3. ECG abnormalities
ECG findings play a central role in the assessment of post-exercise troponin elevation. New ST-segment changes, T-wave inversions in anterior or lateral leads, or new left bundle branch block in a post-race athlete with elevated troponin represent a fundamentally different scenario from an isolated troponin elevation in an asymptomatic runner. These findings should be considered potentially serious and warrant urgent cardiac evaluation.
At the same time, high-sensitivity troponin assays are generally more sensitive for detecting myocardial injury than ECG changes alone. As a result, troponin elevations may be observed even when the ECG appears normal. However, the two modalities provide complementary information and should always be interpreted together in the clinical context.
4. Older athletes and those with cardiovascular risk factors
A landmark Circulation study of 725 older long-distance walkers (median age 61 years [IQR 54–69]) found that exercise-induced cTnI elevations above the 99th percentile independently predicted higher all-cause mortality and major adverse cardiovascular events over 43 months of follow-up, with an adjusted hazard ratio of 2.48 (95% CI, 1.29–4.78) [8]. The authors noted that this population carried a substantially higher cardiovascular risk factor burden than typical younger marathon runners—a critical caveat when applying this finding—but it unambiguously demonstrates that blanket reassurance is inappropriate in older or higher-risk participants. Monitoring tools such as HRV and resting heart rate trends can provide complementary longitudinal context when evaluating recovery and cardiac stress in these athletes.
This should not, however, be misunderstood as a reason to avoid physical activity altogether. Even in individuals with established cardiovascular disease or increased risk, appropriately guided exercise is generally considered beneficial and forms an important part of long-term cardiovascular health and rehabilitation.
In my experience, most patients—provided their condition is stable—are encouraged to remain physically active at a level appropriate to their clinical situation.
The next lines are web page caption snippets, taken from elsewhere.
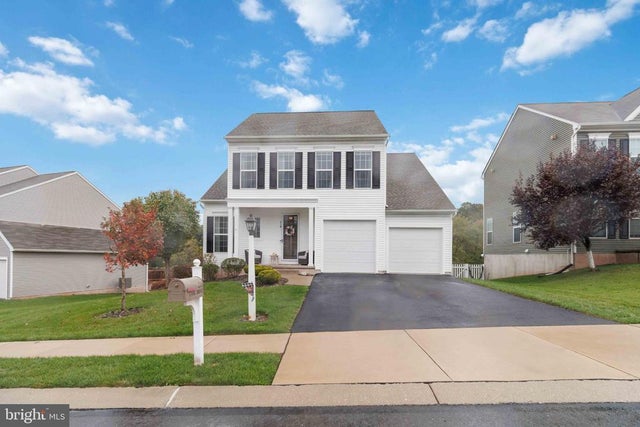210 Lark Dr, York Haven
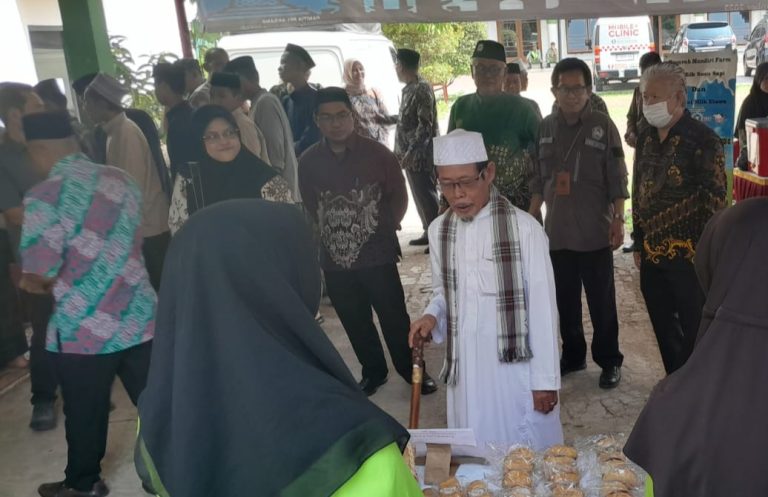 2023-2012-11-17_12-26-12_522829-berita-mediapatriot.co.id-peringati-hari-santri-dan-tahun-toleransi-indonesia-kemenag-kota-bekasi-helat-baksos-lintas-agama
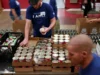 Продовольственные банки США готовятся к увеличению спроса в связи с угрозой остановки выплат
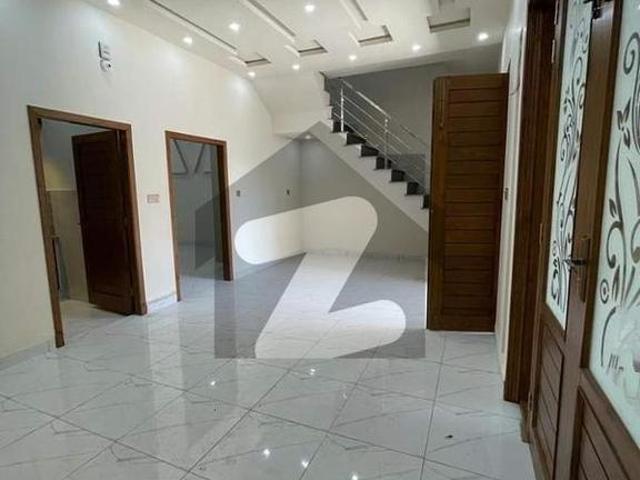 House for sale in تحصیل فیصل آباد شہر, فیصل آباد ڈویژن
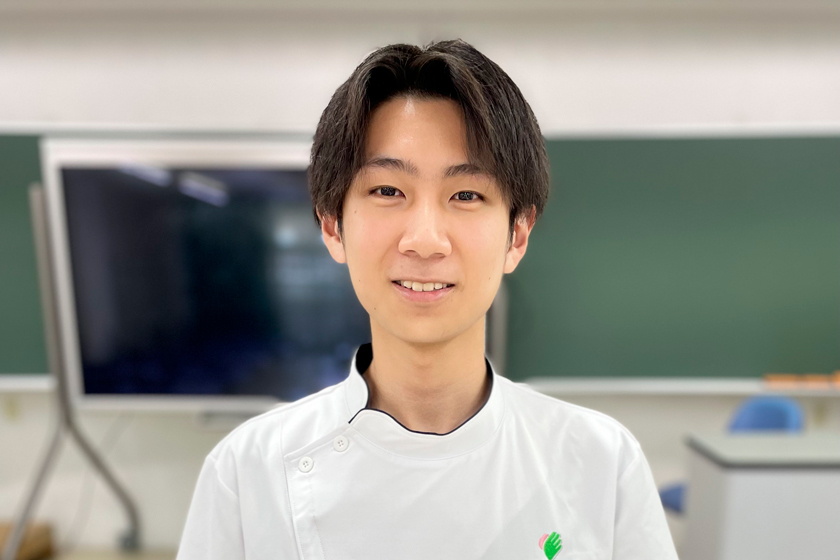 専門学校　医学アカデミーの学生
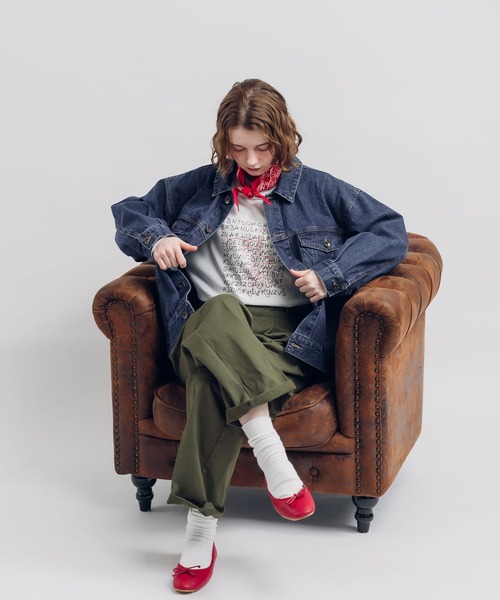 MUHET(ミュエータ)の「ロゴプリントロンT(Tシャツ/カットソー・レディース・オフホワイト/チャコールグレー・MEDIUM/X-LARGE)」の15枚目の写真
Light to moderate exercise, in particular, is often both safe and therapeutic. However, this should always be individualized, and in patients with known or suspected coronary artery disease, clearance and guidance from a cardiologist are essential before engaging in more intensive activity.
Summary
Troponin elevation after endurance events such as marathons is a common and often physiological finding, particularly when interpreted in the correct clinical context. The magnitude of elevation is closely related to exercise duration and intensity, and in many cases reflects a transient, reversible response to cardiac stress rather than irreversible myocardial injury.
From a clinical perspective, the key to interpretation lies not in a single value, but in the broader picture—especially symptom profile, ECG findings, patient risk factors, and, critically, the kinetic pattern of troponin over time. A rapidly rising and falling pattern in an asymptomatic athlete is typically reassuring, whereas persistent elevation, a rising trend at 24 hours, or the presence of concerning symptoms or ECG abnormalities should prompt further investigation.
In my own clinical experience, this distinction is rarely binary. While many post-exercise troponin elevations are benign, they should not be dismissed without appropriate evaluation. Even in young, otherwise healthy athletes, follow-up and, when needed, cardiology assessment are often required to exclude conditions such as myocarditis or occult coronary disease.
Ultimately, the challenge lies in balancing two risks: over-interpreting a physiological signal and under-recognizing true pathology. Careful clinical judgment—supported by serial testing, risk stratification, and appropriate referral—remains essential in ensuring that troponin after endurance exercise is interpreted both safely and accurately.